- Born: August 14, 1925 Toledo, Ohio
- Died: December 5, 2014 (aged 89)
- Occupations: corporate management, author
- Years active: 33+
- Known for: public affairs and communications, author
- Notable work: The Glassmakers: a History of Owens-Illinois Incorporated, Blowpipes: Northwest Ohio Glassmaking in the Gas Boom of the 1880s

= Jack K. Paquette =

US historian and author (1925–2014)

Jack K. Paquette (August 14, 1925 – December 5, 2014) was a historian, author, and retired vice president of US glass company Owens–Illinois. He was born in East Toledo, Ohio, and attended the Ohio State University where he earned a Bachelor of Arts degree in journalism in 1949 and a Master of Arts degree in political science in 1951. After graduation he began a 33–year career with Owens–Illinois, one of the largest glass bottle manufacturers in the world. By 1970 he was vice president of the overall company and director of the Corporate Relations Department. He retired in 1984. During his retirement, he wrote six books about life in Northwest Ohio, including four related to glassmaking.

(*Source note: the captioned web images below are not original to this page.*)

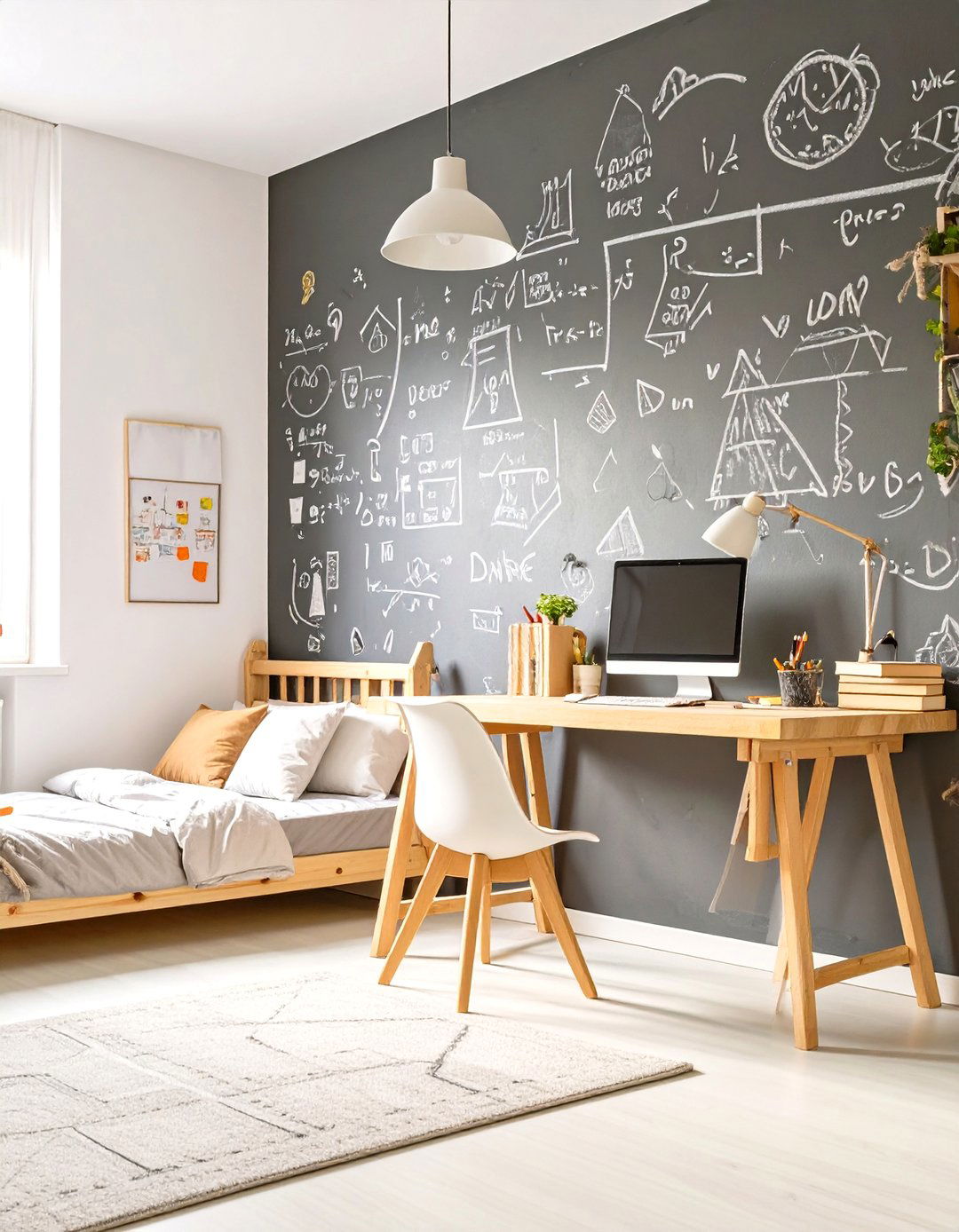 Teenage Boys Room Featuring a Chalkboard Wall - 30 teenage boys room ideas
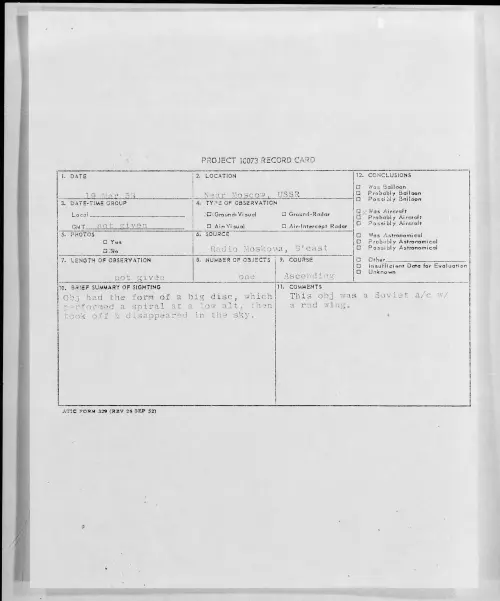 First page of 1958.03 - 6964776 - Near Moscow, USSR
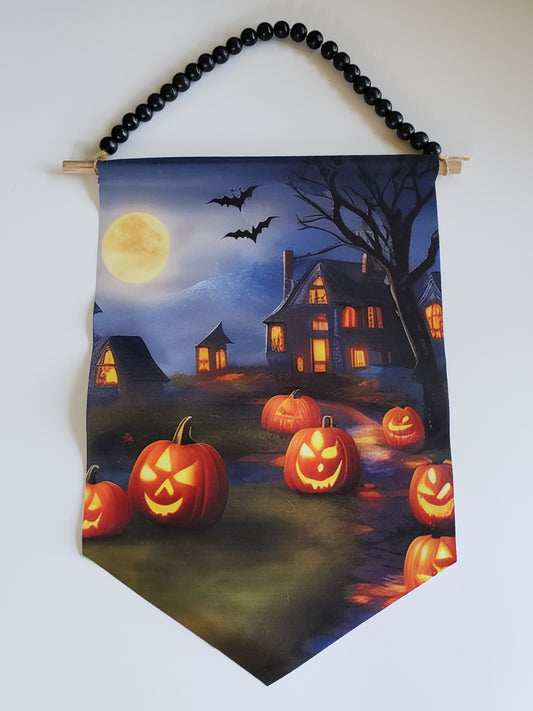Canvas Banner haunted house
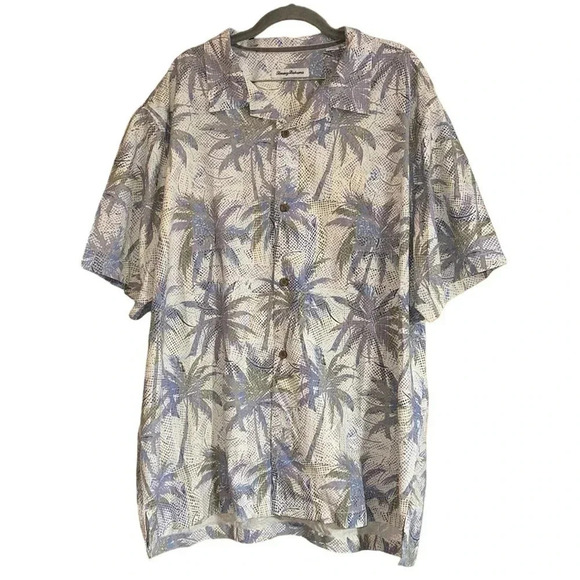 Tommy Bahama Short Sleeve Hawaiian Print Button Down Shirt Size XXL - Picture 1 of 8
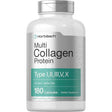 Frasco de suplemento Horbäach Multi Colágeno 2000 mg 180 cápsulas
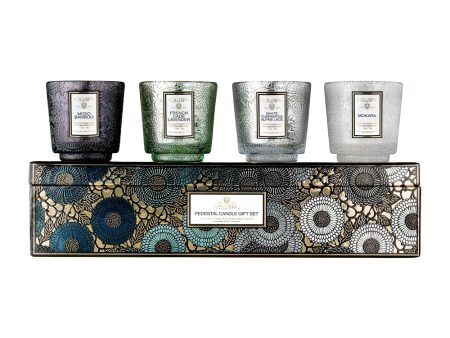 Voluspa Cool Tones Pedestal Candle Gift Set For Cheap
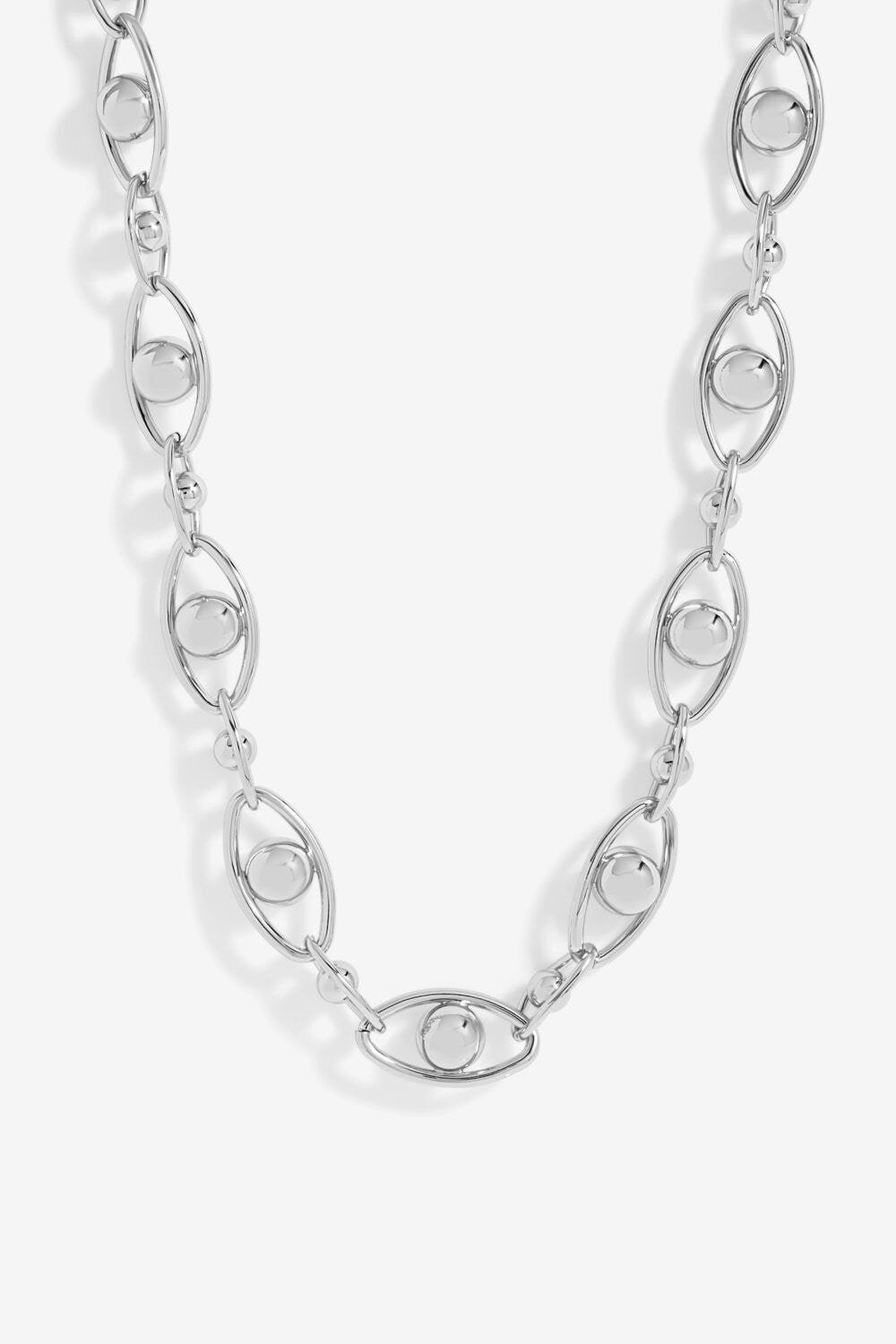 Jon Richard Silver Plated Polished Orb Chain Necklace image 1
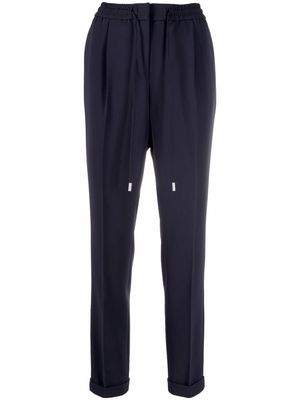 BOSS drawstring tapered trousers - Blue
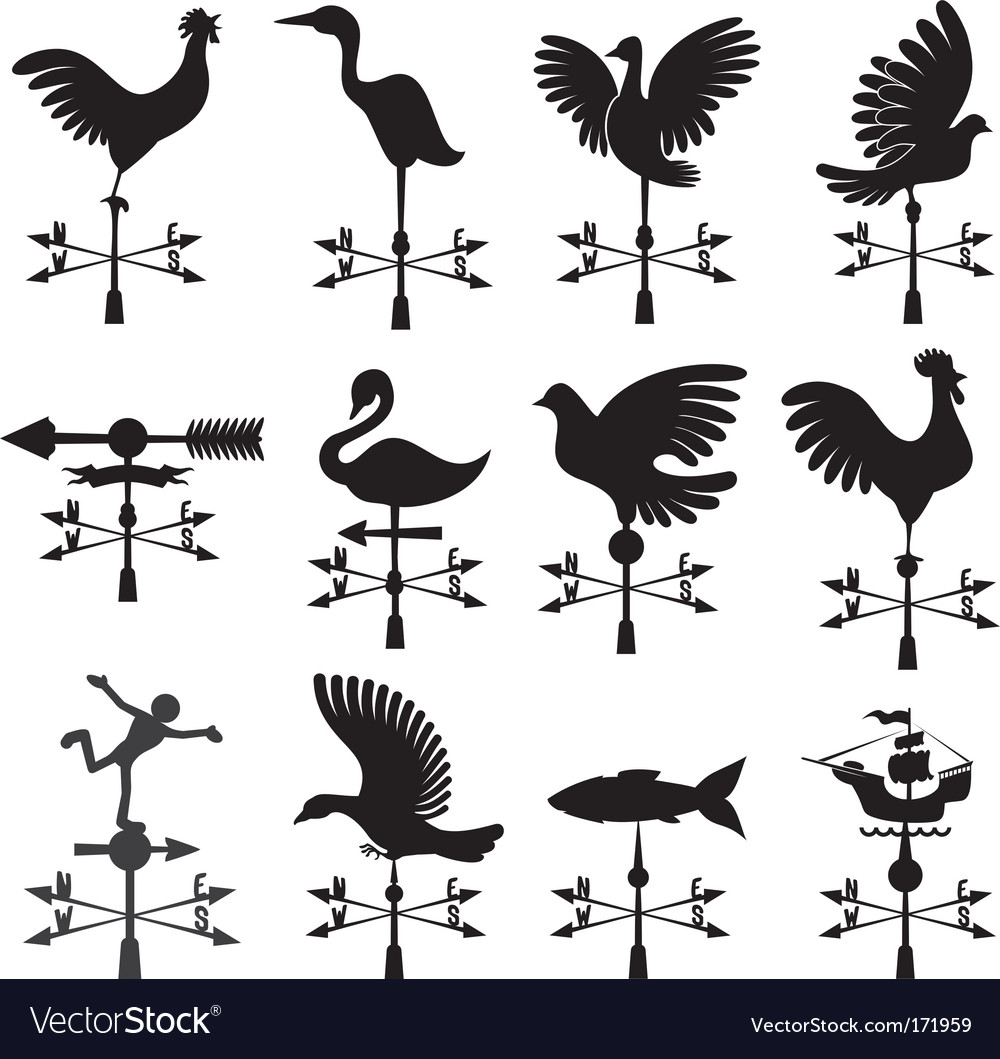 wind vane royalty free vector image vectorstock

==Early life and education==
Jack K. Paquette was born on August 14, 1925, in East Toledo, Ohio. At the age of 17 he enlisted in the U.S. Navy and served for three years, including active duty in the Pacific Theater during World War II. After the war, he enrolled at the Ohio State University. While a student, he worked as a news editor for the university newspaper and as a copy editor for the local Columbus newspaper. He received a Bachelor of Arts degree in journalism in 1949, and a Master of Arts in political science in 1951. Following graduation in 1951, he joined the Owens–Illinois advertising department.

==Glass company career==
Beginning as a creative writing specialist, Paquette began a 33–year career with Owens–Illinois. The company was founded by Michael J. Owens, and is one of the largest bottle manufacturers in the world. Paquette began working in the company's Glass Container Division and Corporate Marketing Department. In December 1961 it was announced that Paquette was promoted to a newly created position of Advertising and Sales Promotion Manager of the Libbey Glass Division of Owens–Illinois. In August 1964 he was promoted to manager of customer marketing services for the Glass Container Division of Owens–Illinois. Three years later, during November 1967, he was promoted to director of organization planning for Owens–Illinois' corporate planning department. He was also assigned to assist the company's president and chief executive officer.

It was announced in April 1970 that Paquette was elected vice president of Owens–Illinois, Inc. (the overall company). In addition to that position, he would continue as director of corporate relations. In January 1981 he was named assistant to the chairman of Owens–Illinois. In May 1972 Paquette, as vice president corporate relations, accepted the Public Relations Society of America's Silver Anvil Award on behalf of Owens–Illinois. The award is for efforts to improve the environment, and is called the "Oscar" of public relations. In June 1983 Paquette, as vice president and assistant to the executive office, accepted a national Business in the Arts Award from the Business Committee for the Arts on behalf of Owens–Illinois. He retired in 1984 after 33 years with Owens–Illinois, although he would serve as a consultant. By that time, he was recognized as "a nationally known authority on public affairs and communications". Following retirement, he formed Paquette Enterprises, which was a consulting, retailing, and publishing firm. That firm was listed in the D&B Million Dollar Directory.

==Private life==
Paquette was married and had four children. He was a co–founder the Columbus and Northwestern Ohio chapters of the national Society of Professional Journalists, formerly known as Sigma Delta Chi. He was also a founding director of the Toledo Press Club. Among the numerous civic organizations he was involved with were the Boy Scouts of America, the Western Lake Erie Historical Society, the American Red Cross, and the United Way. In December 1980 he was elected national chairman of Keep America Beautiful. A long time writer, Paquette was the author of numerous articles and six books on Northwest Ohio's history. His research papers, 11 linear feet of papers known as the Jack Paquette Collection on Northwest Ohio's Glass Industry, 1885–2003, are available at the Ward M. Canaday Center for Special Collections at the University of Toledo. Paquette died on December 5, 2014.